The tribunal, comprising retired judges Ngoepe and Boruchowitz and non-judicial member Ms D Mthimunye, concluded this stage of proceedings within one day, due to Judge Parker’s representatives electing not to call any witnesses or challenge the evidence led. Closing arguments are scheduled to take place on 29 April.
Gauteng High Court judge Denise Fisher is to appeal the finding of the Judicial Conduct Committee that she committed (non-impeachable) misconduct for making adverse findings against attorneys and expert witnesses, and reporting them to professional bodies, without giving them an opportunity to be heard. (See the discussion in our December 2024 note). It is reported that one of the grounds of appeal is that as the JCC had found that she was neither willful nor grossly negligent, it could not then find her guilty of a breach of the judicial code of conduct, as the JSC Act requires a finding of willful or gross negligence in order to find a breach of the code. The appeal is scheduled for 9 – 10 April.
The Sunday World has reported that a complaint has been laid against Gauteng High Court judge Bonakele Mkhabela, alleging that while an advocate, Mkhabela J had at a time represented the complainant, and then subsequently, while acting as a judge, granted an interdict impacting the execution of a warrant of attachment against the complainant’s ex-husband.
Significant cases
The challenge to the designation of impeached judge Hlophe to the JSC continued in the Western Cape High Court.
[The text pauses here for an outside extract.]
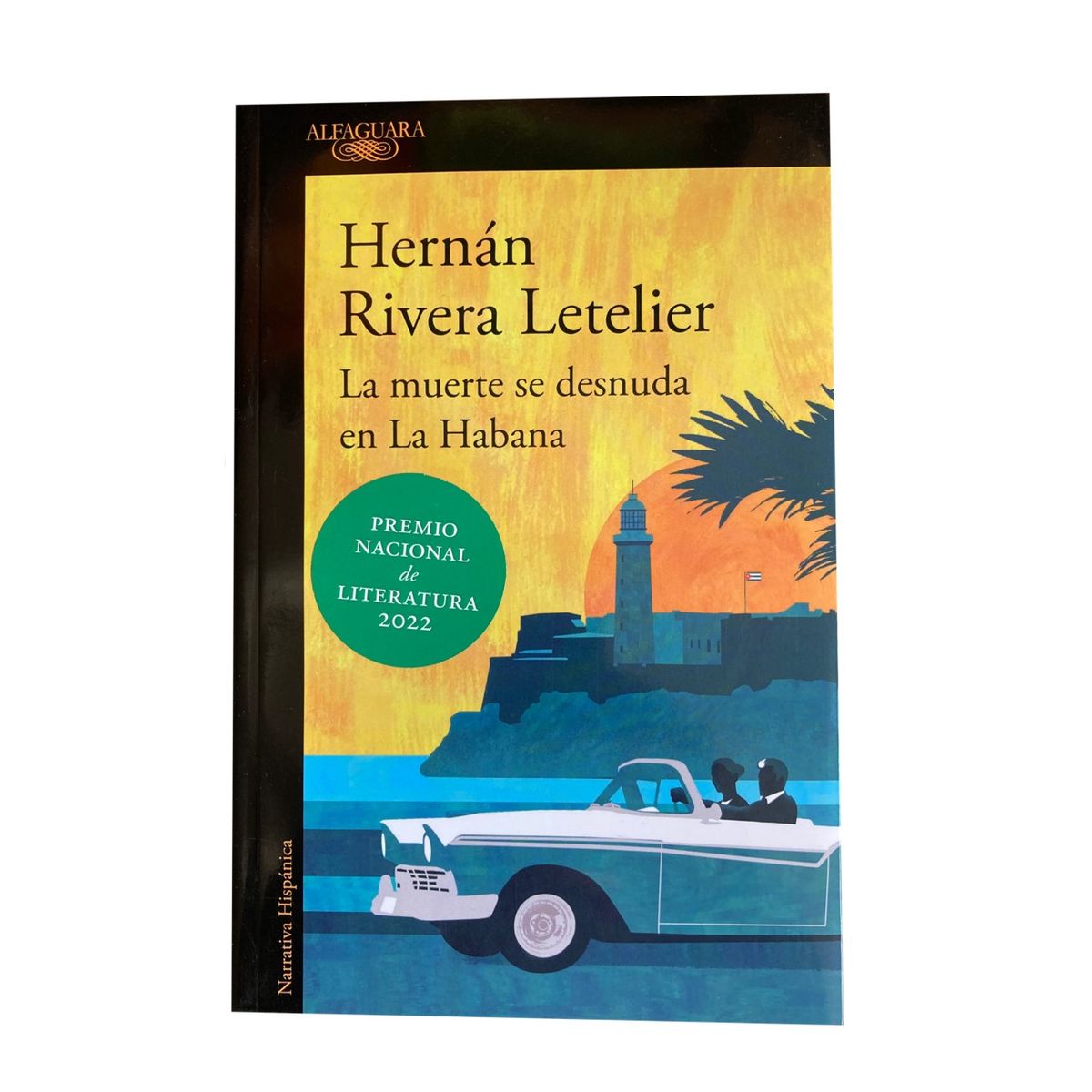 ALFAGUARA - Libro - La muerte se desnuda en La Habana - Hernán Rivera Letelier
It will be recalled that in September 2024, the Western Cape High Court granted the DA and Corruption Watch an interim interdict barring Hlophe from participating in the following month’s JSC interviews. FUL’s application for final relief was postponed, to be heard together with Part B of the DA and Corruption Watch’s applications.
That hearing took place before a full bench of judges ( Mbhele DJP of the Free State High Court, Basson J and Mudau J of the Gauteng High Court). FUL argued that the National Assembly failed to exercise its discretion in making the designation, that it failed to discharge its obligations under section 165(4) of the Constitution, that the decision was irrational and unreasonable, and that the National Assembly had considered irrelevant, and ignored relevant, considerations. Judgment was reserved.
In a surprising procedural development, notwithstanding this hearing, Hlophe has approached the Constitutional Court to appeal against the initial interdict.
In Media 24 (Pty) Ltd and Another v Maluleke, the appellant published an article headlined “‘Dishonest’ Limpopo lawyer struck off the roll of advocates, but dismisses ruling as ‘a joke’.” . Despite the respondent having indeed been struck off the roll, he successfully obtained a court order declaring that the averment was false and defamatory. The court a quo found, inter alia, that as the respondent had lodged an application for leave to appeal against his striking off, section 18 of the Superior Courts Act meant “that such application did not only suspend the operation of the order made, but the order should be seen as having not taken place.”
A full bench of the Limpopo High Court (per Ratshibvumo DJP, Van Zyl and Mathabathe AJJ concurring) overturned the decision, giving short shrift to the finding about the impact of the Superior Courts Act:
“If this approach by the court a quo is the correct interpretation of the provision pertaining to suspension of court orders, it would entail that the publication of any court outcome … would have to be barred, for as long as there is an application for leave to appeal since that application suspends the operation of the order. The publication would then only be sanctioned once there is an outcome on the application for leave to appeal or the appeal itself. If the appeal takes four or five years to finalise as some of them do, only then would members of the media report on court order made four or five years earlier. This approach defeats logic …”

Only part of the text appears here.